SEC Settles Another Market Crisis Financial Fraud Action
The Commission resolved another financial fraud action stemming from the aftermath of the market crisis. This proceeding, initially brought in June 2014, named as a Respondent Thomas Neely, Jr., and E.V. P. of Regions Bank. In the Matter of Thomas A. Neely, Jr., Adm. Proc. File No 3-15945 (June 25, 2014).
Mr. Neely was in the risk management credit division. The Order alleged that in the first calendar quarter of 2009 the special asset department initiated procedures to place about $168 million of commercial loans into non-accrual status. Mr. Neely circumvented the banks controls and, without supporting documentation, took steps to keep the loans in accrual status. His actions, which evaded the bank’s controls, prevented Regions from appropriately measuring impairment in accordance with GAAP.
As a result, according to the Order, Regions failed to maintain a system of internal accounting controls sufficient to provide reasonable assurances that the loans were recorded as necessary to permit preparation of financial statements in conformity with GAAP. The bank also failed to keep books, records and accounts in reasonable detail, which accurately and fairly reflected the loans. Since those books, records and accounts were incorporated into Regions’ consolidated financial statements for the quarter ended March 31, 2009, the income before taxes for that quarter was overstated by $16 million and net income was overstated by $11 million. Earnings per share were overstated for the quarter by $0.02 per share. Those results were incorporated into filings made with the Commission. The Order alleged violations of Securities Act Section 17(a) and Exchange Act Sections 10(b) , 13(a), 13(b)(2)(A), 13(b)(2)(B), 13(b)(5) and 20(b).
Mr. Neely resolved the charges after initially contesting them, consenting to the entry of a cease and desist order based on the Sections cited in the Order. In addition, he agreed to the entry of an officer and director bar for a period of five years and will pay a civil penalty of $100,000.

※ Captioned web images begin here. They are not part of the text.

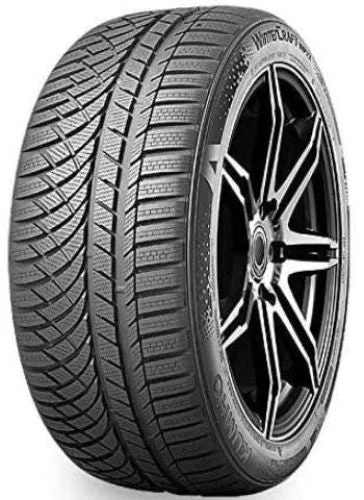 Super ofertă KUMHO WP72 235/35R19 91W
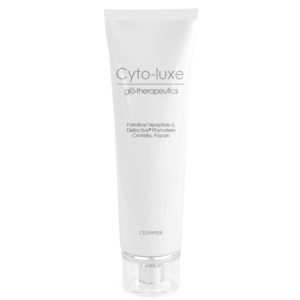 Glo Minerals Cyto-luxe Cleanser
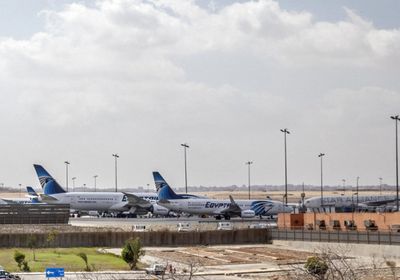 مصر.. طائرة تعود إلى مطار القاهرة لإنقاذ حياة راكب سعودي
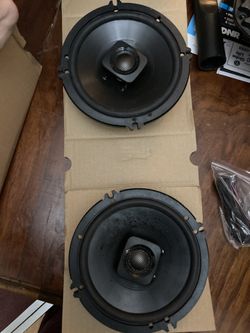 Polk Car Speakers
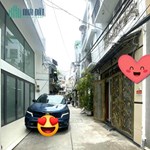 Bán nhà CHÍNH CHỦ đường Trường Chinh, Tân Thới Nhất, 4.3x15.8m, 2 lầu.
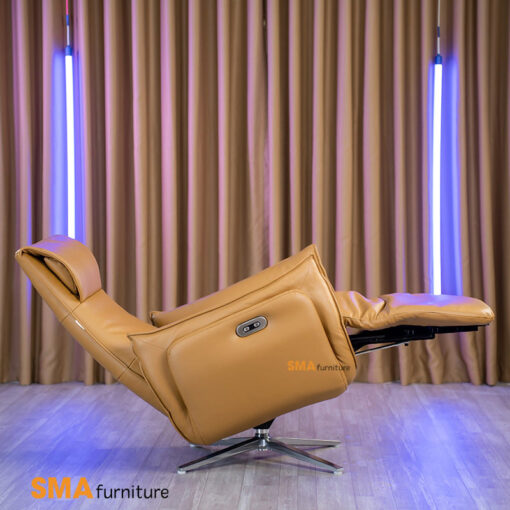 Ghế thư giãn Electric Relaxing Chair 05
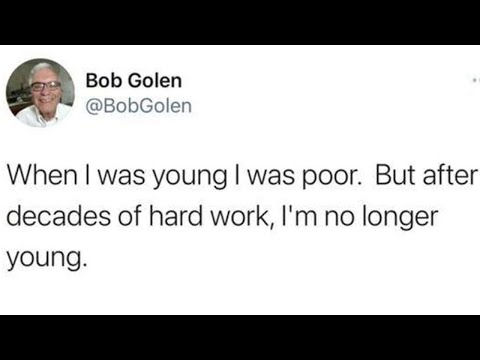 Depressingly Funny Social Media Posts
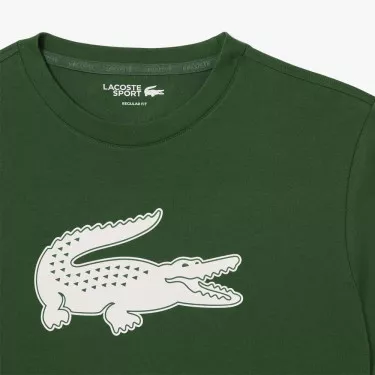 Lacoste Sport T-Shirt blue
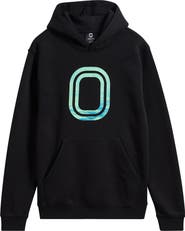OVERTIME Kids' Motion Graphic Hoodie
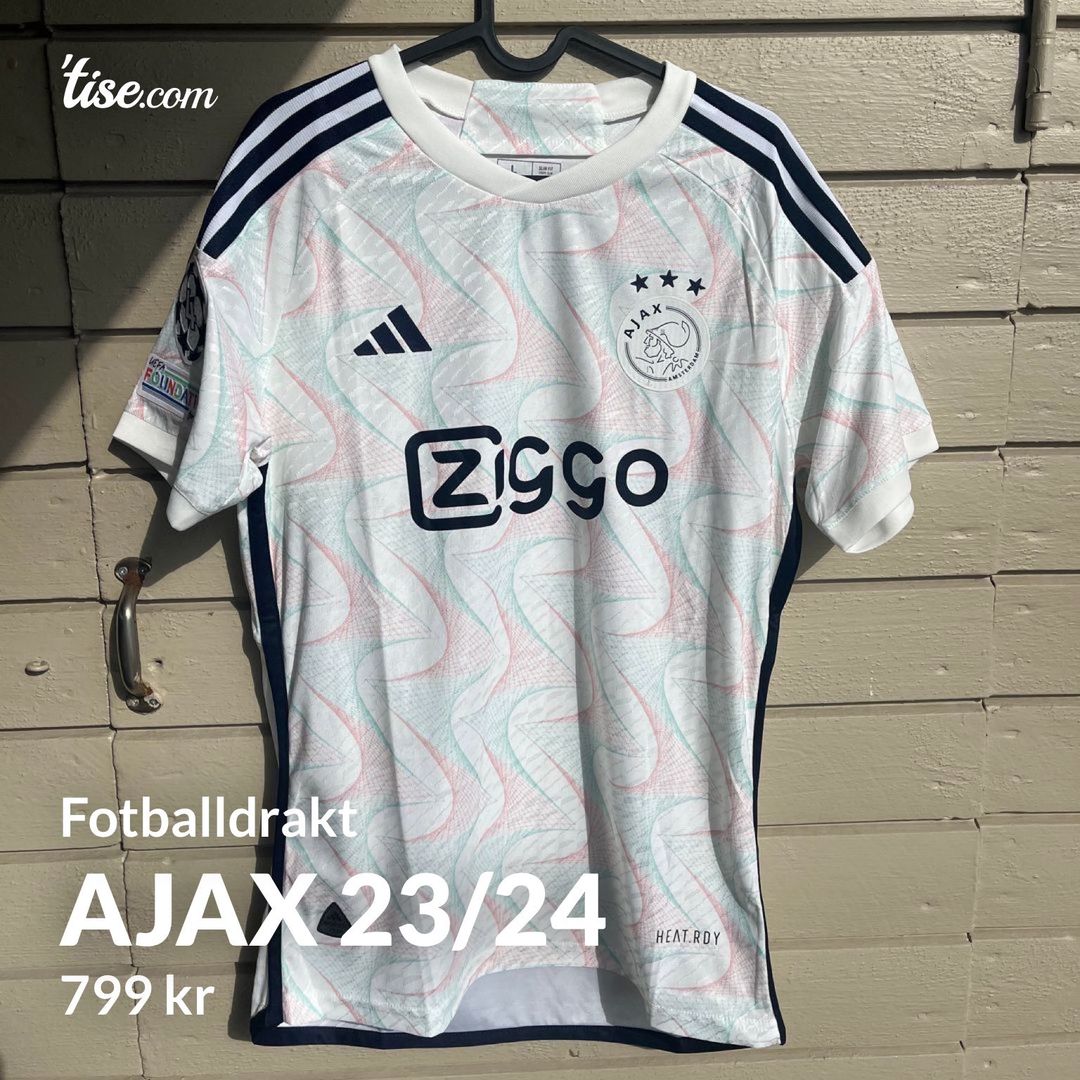 Ajax 23/24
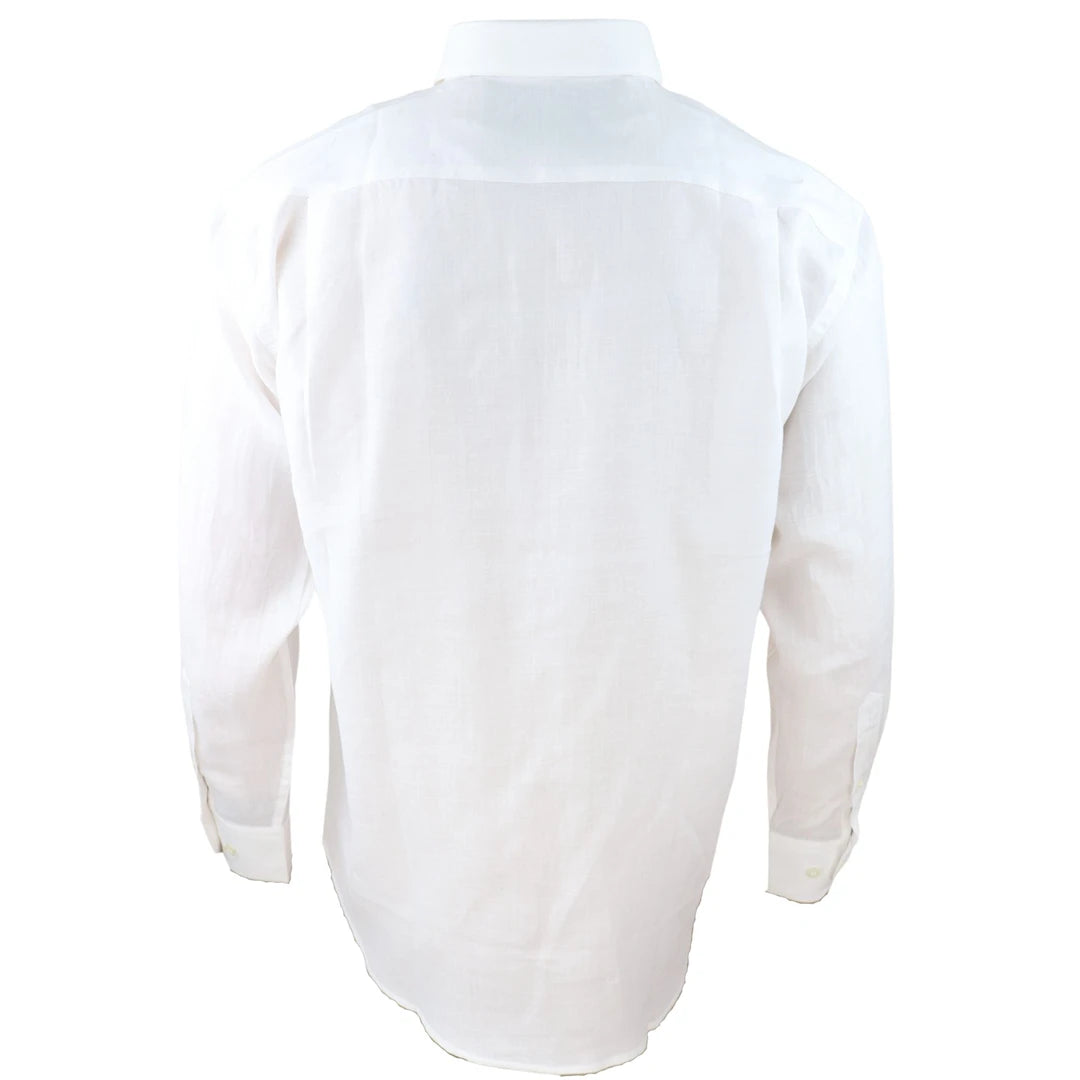 chn-linen-sh_shirt_White_L, chn-linen-sh_shirt_White_M, chn-linen-sh_shirt_White_S, chn-linen-sh_shirt_White_XL, chn-linen-sh_shirt_White_XXL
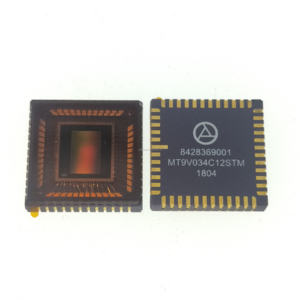 MT9V034C12STM MT9V034C12STM-DP MT9V034C12STM-<span class=keywords><strong>DR</strong></span> CMOS İşlemci kamera sensör çipi - Product Image 2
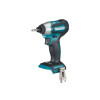 Аккум. шуруповерт MAKITA LXT DTD 155 Z в кор.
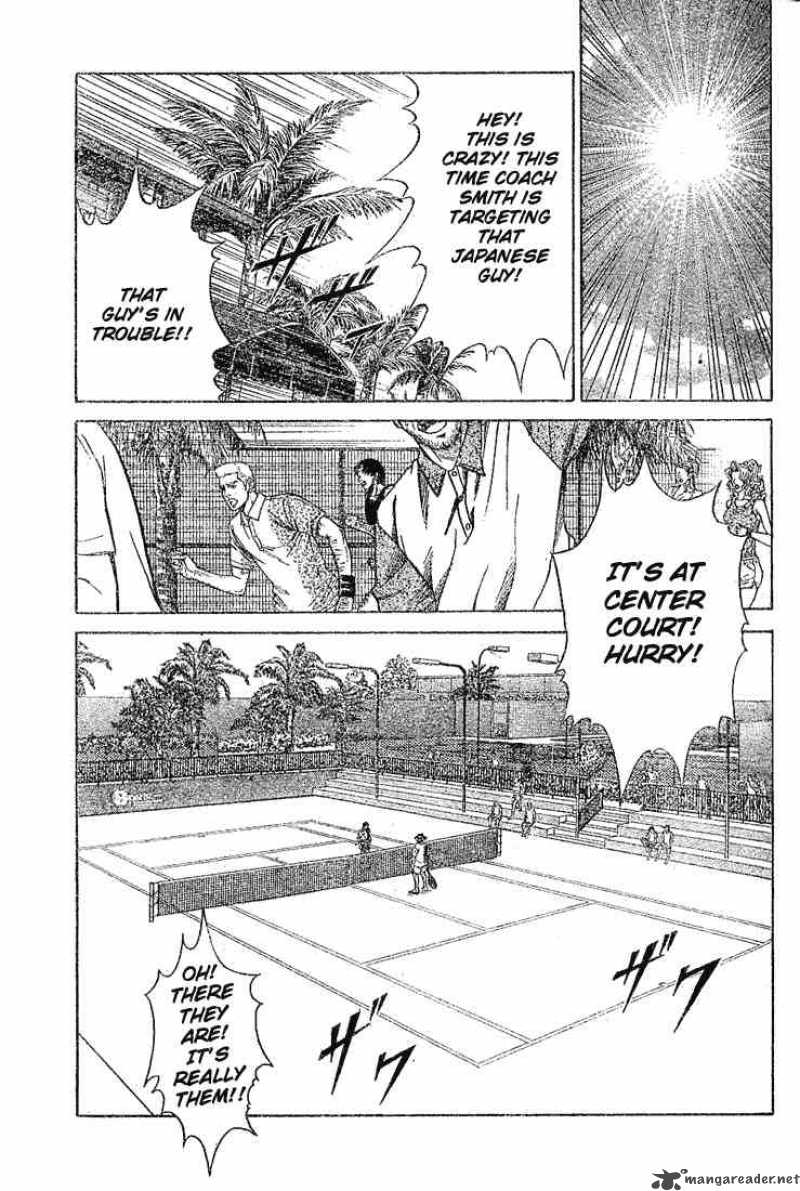 Prince Of Tennis 0 31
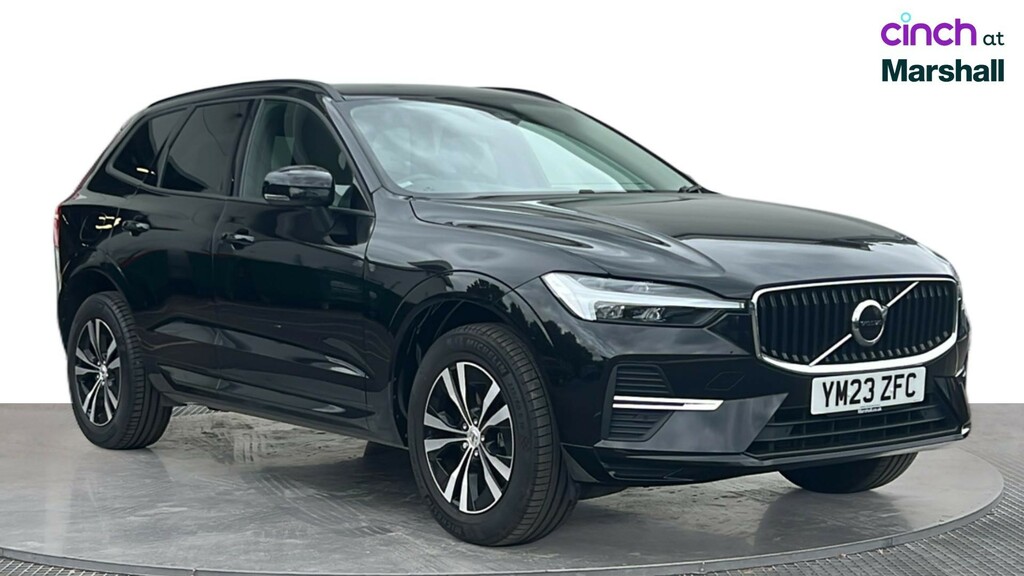 Volvo XC60 Xc60 B4 Mhev Awd Gold #1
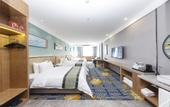 Туры в отель Saint Met Hotel (Zhengzhou Convention and Exhibition Center)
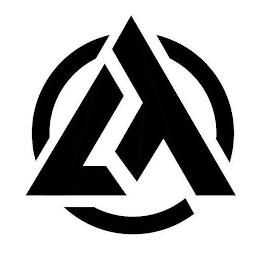 LT logo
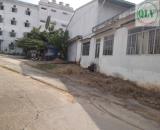 CHO THUÊ KHO – PHƯỜNG HIỆP THÀNH, TP. THỦ DẦU MỘT, BÌNH DƯƠNG – 9.900m²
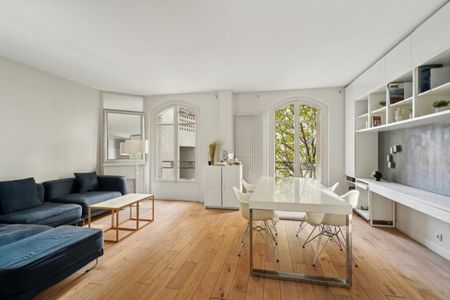 Appartement 3 Pièces 57 m² - Photo 4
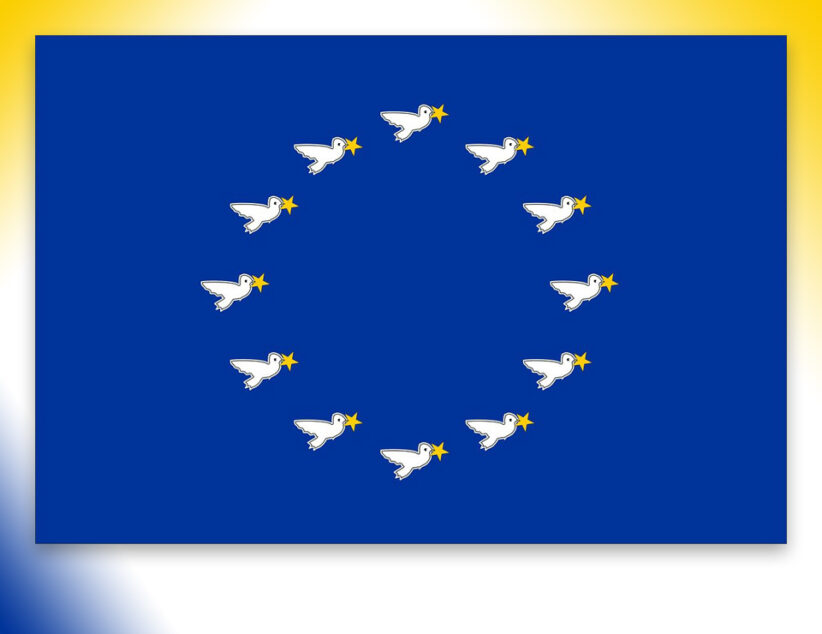 “Het belang van de Europese Unie raakt ons allemaal”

Previously, the Commission settled with two other bank officers. In that proceeding the Order named as Respondents Jeffrey C. Kuehr, E.V.P of Regions’ Bank risk management credit division and Michael J. Willoughby, a senior EVO and Regions’ CCO. The Order alleged violations of the same Sections as the Order regarding Mr. Neely. Messrs. Kuehr and Willoughby each consented at the time the action was filed to the entry of a cease and desist order based on the Sections cited in the Order. Each man also agreed to the entry of an order barring them from serving as an officer or director of a public company for five years. In addition, each Respondent will pay a penalty of $70,000. In the Matter of Jeffrey C. Kuehr, Adm. Proc. File No. 3-15946 (June 25, 2014)
The bank entered into a deferred prosecution agreement, in recognition of its cooperation and extensive remedial undertakings. It will also payed a penalty of $26 million that will be offset provided it pays a $46 million penalty assessed by the Federal Reserve. The bank will pay a $5 million penalty to the Alabama Department of Banking.